2. The method of claim 1, wherein the data representing the handwriting is an image of handwriting wntten on a handwntmg medium.
3. The method of claim 2, wherein processing the data representing the handwriting with the one or more handwriting recognition models includes: performing image recognition on the image to identify one or more characters in the image; providing the identified characters to a first model of the one or more handwriting recognition models; and outputting, from the first model, the one or more strokes, the one or more strokes being determined based on the identified characters.
4. The method of claim 2, wherein processing the data representing the handwriting with the one or more handwriting recognition models includes: performing image recognition on the image to identify pixels representing one or more characters in the image; providing the identified pixels to a first model of the one or more handwriting recognition models; and outputting, from the first model, the one or more strokes, the one or more strokes being determined based on the identified pixels.
5. The method of claim 1, wherein the data representing the handwriting is a Unicode representation of digital handwriting.
6. The method of claim 5, wherein processing the data representing the handwriting with the one or more handwriting recognition models includes: providing the Unicode representation to a first model of the one or more handwriting recognition models; and outputting, from the first model, the one or more strokes, the one or more strokes being determined based on the Unicode representation.

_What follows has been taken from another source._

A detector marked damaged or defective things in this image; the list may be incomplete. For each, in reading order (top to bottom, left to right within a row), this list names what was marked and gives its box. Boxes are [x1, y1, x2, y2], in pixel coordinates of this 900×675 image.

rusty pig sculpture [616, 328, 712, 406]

7. The method of claim 1, wherein generating the visual representation of the handwriting in the software application includes: generating, with a synthetic generator model, the visual representation of the handwriting based on the one or more strokes and the at least one style characteristic.

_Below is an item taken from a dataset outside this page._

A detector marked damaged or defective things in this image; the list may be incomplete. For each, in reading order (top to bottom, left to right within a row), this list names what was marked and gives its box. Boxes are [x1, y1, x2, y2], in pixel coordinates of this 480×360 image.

8. A computing system for performing handwriting recognition, the computing system comprising: one or more electronic processors; and a non-transitory, computer readable medium comprising instructions that, when executed by the one or more electronic processors, cause the one or more electronic processors to perform operations, the operations comprising: receiving data representing handwriting, the data representing the handwriting including at least one style characteristic of the handwriting; processing the data representing the handwriting with one or more handwriting recognition models; receiving one or more strokes associated with the handwriting from the one or more handwriting recognition models; providing the strokes to a software application that supports digital handwriting; generating a visual representation of the handwriting in the software application based on the strokes; and generating a style for future digital handwriting in the software application, the style being generated based on the strokes and the at least one style characteristic of the handwriting.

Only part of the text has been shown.